━━━━━ GIVEN INFORMATION

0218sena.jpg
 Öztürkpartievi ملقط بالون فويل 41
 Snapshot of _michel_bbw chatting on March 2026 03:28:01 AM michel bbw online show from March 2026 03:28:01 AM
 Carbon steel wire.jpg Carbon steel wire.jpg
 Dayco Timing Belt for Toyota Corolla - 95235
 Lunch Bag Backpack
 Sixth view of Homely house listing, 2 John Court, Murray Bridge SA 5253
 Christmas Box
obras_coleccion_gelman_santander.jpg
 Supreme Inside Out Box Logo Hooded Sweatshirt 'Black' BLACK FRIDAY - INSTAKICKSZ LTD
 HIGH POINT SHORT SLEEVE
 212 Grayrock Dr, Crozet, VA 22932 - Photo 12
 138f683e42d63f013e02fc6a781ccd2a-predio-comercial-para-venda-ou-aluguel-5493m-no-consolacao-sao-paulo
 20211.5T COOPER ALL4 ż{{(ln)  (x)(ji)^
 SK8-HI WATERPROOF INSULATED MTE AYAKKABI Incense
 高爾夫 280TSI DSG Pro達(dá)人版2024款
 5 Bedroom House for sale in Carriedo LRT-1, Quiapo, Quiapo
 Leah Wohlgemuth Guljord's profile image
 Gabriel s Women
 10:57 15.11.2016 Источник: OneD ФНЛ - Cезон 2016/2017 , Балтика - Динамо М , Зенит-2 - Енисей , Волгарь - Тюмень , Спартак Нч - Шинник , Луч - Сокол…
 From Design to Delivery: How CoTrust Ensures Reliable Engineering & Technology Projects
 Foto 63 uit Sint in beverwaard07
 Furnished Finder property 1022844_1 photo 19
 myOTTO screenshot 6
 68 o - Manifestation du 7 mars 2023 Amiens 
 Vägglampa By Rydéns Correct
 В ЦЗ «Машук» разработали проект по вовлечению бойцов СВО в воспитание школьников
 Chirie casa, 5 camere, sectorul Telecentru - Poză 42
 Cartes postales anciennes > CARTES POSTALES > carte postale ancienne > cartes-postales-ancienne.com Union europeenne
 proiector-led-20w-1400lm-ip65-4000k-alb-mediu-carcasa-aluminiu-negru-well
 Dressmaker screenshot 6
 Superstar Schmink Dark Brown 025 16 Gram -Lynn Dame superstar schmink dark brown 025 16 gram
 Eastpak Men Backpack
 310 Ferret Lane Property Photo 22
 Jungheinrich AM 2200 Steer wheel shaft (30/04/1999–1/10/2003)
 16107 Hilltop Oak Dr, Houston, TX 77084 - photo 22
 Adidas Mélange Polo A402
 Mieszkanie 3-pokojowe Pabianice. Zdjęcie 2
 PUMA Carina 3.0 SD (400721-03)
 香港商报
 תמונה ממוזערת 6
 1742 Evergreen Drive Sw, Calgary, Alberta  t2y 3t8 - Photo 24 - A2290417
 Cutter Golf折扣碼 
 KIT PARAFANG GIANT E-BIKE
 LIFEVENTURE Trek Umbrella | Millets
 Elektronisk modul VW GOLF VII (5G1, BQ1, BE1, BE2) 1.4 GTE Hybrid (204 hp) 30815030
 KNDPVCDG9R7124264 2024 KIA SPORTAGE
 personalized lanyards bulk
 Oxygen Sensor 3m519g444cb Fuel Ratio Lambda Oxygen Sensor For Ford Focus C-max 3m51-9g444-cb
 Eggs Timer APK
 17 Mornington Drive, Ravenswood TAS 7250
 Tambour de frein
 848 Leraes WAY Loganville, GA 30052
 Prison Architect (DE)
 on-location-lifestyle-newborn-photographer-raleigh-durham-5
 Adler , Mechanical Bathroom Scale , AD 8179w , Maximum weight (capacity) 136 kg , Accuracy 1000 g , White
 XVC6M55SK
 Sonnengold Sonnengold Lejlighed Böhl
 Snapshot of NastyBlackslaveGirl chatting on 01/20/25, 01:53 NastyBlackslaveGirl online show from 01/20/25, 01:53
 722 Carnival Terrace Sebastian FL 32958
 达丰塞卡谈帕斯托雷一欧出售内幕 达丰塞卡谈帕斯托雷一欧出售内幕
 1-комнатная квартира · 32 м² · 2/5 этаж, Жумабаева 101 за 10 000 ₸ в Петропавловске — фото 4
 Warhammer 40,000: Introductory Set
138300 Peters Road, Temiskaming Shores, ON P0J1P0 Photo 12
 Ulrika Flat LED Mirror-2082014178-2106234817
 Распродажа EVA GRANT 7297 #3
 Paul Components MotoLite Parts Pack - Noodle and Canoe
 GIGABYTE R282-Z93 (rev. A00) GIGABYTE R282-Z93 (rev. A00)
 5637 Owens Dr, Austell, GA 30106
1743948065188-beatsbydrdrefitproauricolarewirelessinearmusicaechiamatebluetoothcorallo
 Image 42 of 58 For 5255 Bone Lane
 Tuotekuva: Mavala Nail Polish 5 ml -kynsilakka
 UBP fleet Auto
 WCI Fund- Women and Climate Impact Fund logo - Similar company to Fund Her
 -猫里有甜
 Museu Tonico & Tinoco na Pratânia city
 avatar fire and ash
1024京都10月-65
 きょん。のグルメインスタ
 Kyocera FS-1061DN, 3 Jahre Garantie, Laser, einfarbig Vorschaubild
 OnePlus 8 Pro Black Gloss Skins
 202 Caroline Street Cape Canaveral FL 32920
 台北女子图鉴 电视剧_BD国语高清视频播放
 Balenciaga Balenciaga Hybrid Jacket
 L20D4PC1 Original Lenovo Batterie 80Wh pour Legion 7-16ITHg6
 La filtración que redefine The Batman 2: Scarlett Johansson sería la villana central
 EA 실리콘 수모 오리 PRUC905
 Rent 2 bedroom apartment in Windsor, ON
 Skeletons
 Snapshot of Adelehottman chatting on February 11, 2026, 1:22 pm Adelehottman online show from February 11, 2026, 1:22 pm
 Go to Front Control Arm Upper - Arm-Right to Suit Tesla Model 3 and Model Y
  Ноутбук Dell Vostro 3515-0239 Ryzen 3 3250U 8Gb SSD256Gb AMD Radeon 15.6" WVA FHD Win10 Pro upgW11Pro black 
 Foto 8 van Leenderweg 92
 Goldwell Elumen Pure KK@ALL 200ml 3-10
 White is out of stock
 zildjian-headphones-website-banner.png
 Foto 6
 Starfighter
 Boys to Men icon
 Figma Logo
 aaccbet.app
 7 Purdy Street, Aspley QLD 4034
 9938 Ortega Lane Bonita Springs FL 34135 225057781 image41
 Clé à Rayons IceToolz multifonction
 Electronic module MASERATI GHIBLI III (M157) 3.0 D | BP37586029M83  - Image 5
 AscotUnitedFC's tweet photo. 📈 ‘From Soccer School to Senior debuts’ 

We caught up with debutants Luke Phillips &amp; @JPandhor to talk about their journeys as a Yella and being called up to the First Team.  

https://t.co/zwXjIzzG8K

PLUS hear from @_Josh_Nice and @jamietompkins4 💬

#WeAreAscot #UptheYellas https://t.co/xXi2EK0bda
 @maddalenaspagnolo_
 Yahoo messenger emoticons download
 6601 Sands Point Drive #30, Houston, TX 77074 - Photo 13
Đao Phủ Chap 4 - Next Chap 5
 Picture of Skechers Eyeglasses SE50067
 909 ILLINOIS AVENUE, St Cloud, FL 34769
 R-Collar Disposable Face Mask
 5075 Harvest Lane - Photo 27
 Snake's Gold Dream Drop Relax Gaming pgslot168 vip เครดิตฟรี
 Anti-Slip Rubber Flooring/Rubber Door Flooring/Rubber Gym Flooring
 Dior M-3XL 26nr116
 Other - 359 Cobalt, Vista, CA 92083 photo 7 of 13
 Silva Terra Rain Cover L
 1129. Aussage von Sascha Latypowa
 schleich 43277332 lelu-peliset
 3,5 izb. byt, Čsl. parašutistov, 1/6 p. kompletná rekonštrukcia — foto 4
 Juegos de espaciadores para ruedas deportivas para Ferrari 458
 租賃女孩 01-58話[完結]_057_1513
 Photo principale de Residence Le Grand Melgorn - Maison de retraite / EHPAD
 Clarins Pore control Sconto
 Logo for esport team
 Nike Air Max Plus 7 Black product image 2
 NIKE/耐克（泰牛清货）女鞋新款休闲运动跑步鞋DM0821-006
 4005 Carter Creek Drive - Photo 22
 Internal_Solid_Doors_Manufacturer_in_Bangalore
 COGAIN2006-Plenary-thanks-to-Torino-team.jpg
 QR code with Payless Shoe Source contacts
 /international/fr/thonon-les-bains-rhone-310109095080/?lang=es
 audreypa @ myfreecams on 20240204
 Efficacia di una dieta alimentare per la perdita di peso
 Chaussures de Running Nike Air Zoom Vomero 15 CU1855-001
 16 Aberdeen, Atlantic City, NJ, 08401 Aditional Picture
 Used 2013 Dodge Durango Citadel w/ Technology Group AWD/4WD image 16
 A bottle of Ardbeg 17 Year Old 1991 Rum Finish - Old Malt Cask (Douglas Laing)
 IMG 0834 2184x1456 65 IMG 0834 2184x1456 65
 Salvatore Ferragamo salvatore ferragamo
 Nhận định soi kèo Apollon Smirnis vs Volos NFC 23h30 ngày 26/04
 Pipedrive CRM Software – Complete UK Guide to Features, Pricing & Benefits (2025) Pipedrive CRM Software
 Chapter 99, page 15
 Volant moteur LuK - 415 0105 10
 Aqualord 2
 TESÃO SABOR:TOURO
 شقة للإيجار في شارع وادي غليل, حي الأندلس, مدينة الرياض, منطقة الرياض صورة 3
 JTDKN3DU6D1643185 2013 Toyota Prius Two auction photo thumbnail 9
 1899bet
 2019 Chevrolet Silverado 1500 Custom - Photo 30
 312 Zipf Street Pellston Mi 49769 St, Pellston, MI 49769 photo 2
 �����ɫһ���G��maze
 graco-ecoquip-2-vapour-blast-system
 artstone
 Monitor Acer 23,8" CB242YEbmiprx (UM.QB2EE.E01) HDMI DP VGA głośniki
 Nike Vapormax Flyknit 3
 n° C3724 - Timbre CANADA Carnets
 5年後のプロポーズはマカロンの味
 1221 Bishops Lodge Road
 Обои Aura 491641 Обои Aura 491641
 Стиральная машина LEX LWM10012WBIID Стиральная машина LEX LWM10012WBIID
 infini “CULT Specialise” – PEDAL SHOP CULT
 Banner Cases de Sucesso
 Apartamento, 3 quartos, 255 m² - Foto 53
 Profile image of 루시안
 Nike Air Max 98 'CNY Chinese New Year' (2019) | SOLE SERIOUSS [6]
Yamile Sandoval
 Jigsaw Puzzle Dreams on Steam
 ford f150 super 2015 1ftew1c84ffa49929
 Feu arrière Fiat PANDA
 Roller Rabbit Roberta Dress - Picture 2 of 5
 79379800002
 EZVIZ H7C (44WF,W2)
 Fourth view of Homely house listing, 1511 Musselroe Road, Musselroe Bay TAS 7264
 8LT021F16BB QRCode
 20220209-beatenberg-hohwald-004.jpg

━━━━━━━━━━

**REQUIREMENT:** Nothing but the lines from the one containing "EZVIZ H7C (44WF,W2)" through the end of the entries belongs in the answer; repeat them exactly.

**TASK OUTPUT:**
 EZVIZ H7C (44WF,W2)
 Fourth view of Homely house listing, 1511 Musselroe Road, Musselroe Bay TAS 7264
 8LT021F16BB QRCode
 20220209-beatenberg-hohwald-004.jpg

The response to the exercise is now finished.